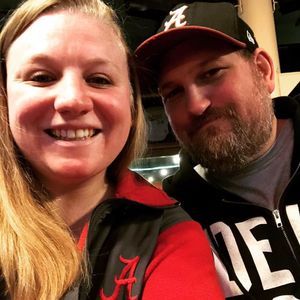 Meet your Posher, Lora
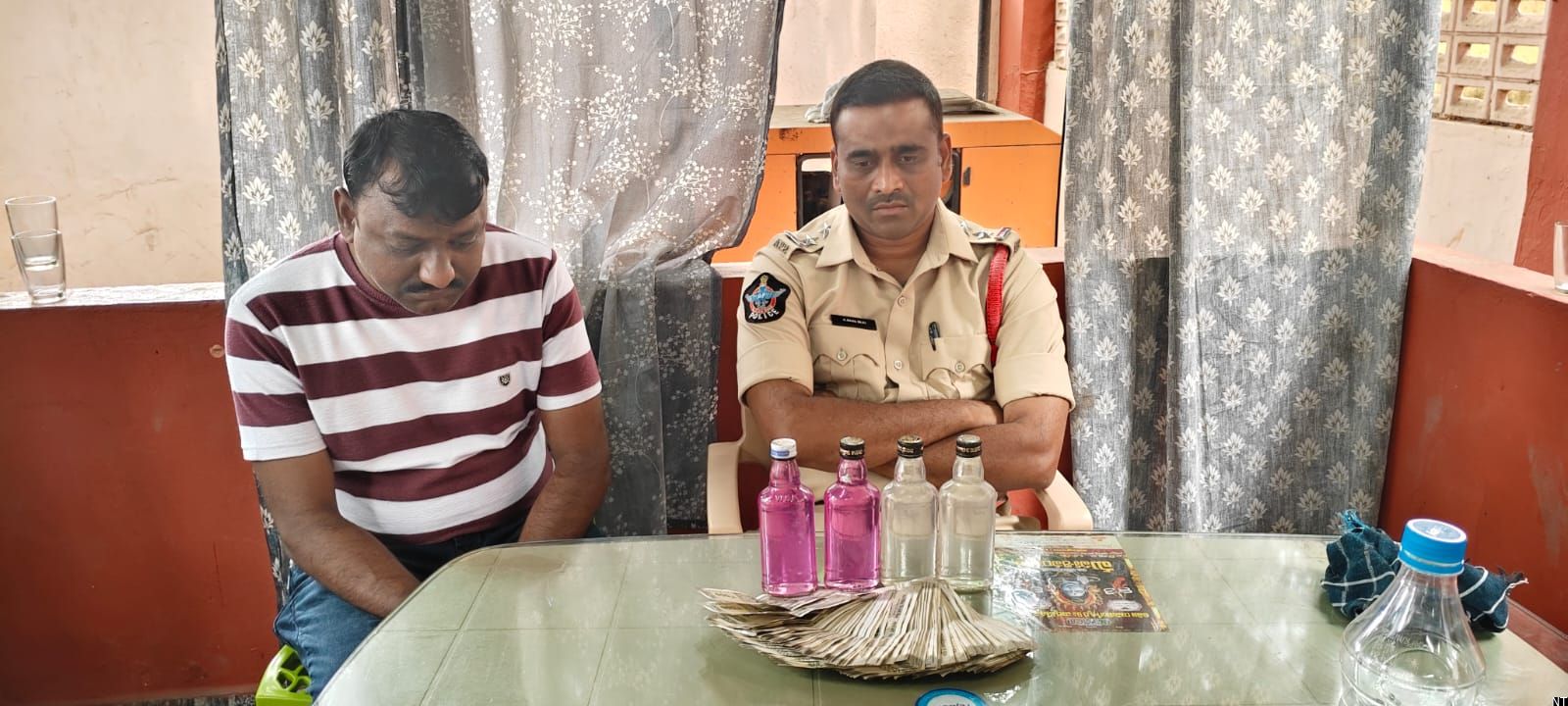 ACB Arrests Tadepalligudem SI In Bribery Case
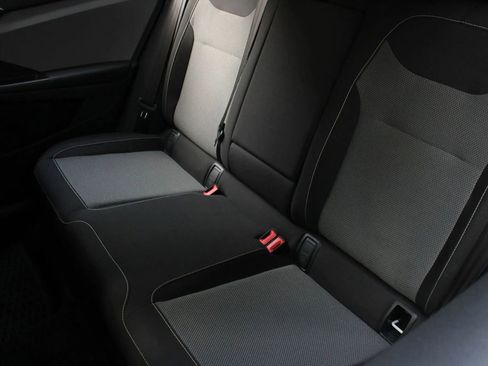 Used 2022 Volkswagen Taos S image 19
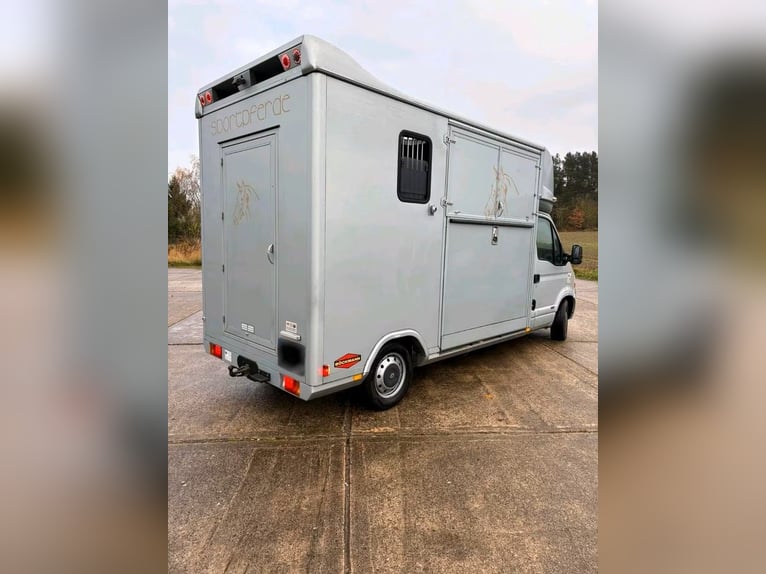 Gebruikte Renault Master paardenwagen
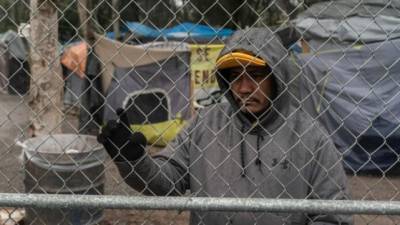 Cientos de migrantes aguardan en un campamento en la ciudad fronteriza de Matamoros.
_____
Your objective: Starting at the line that contains "Used 2022 Volkswagen Taos S image 19" and ending at the final line of the data, reproduce each line exactly. Pictures stay out of the copy.

Response:
 Used 2022 Volkswagen Taos S image 19
 Gebruikte Renault Master paardenwagen
 Cientos de migrantes aguardan en un campamento en la ciudad fronteriza de Matamoros.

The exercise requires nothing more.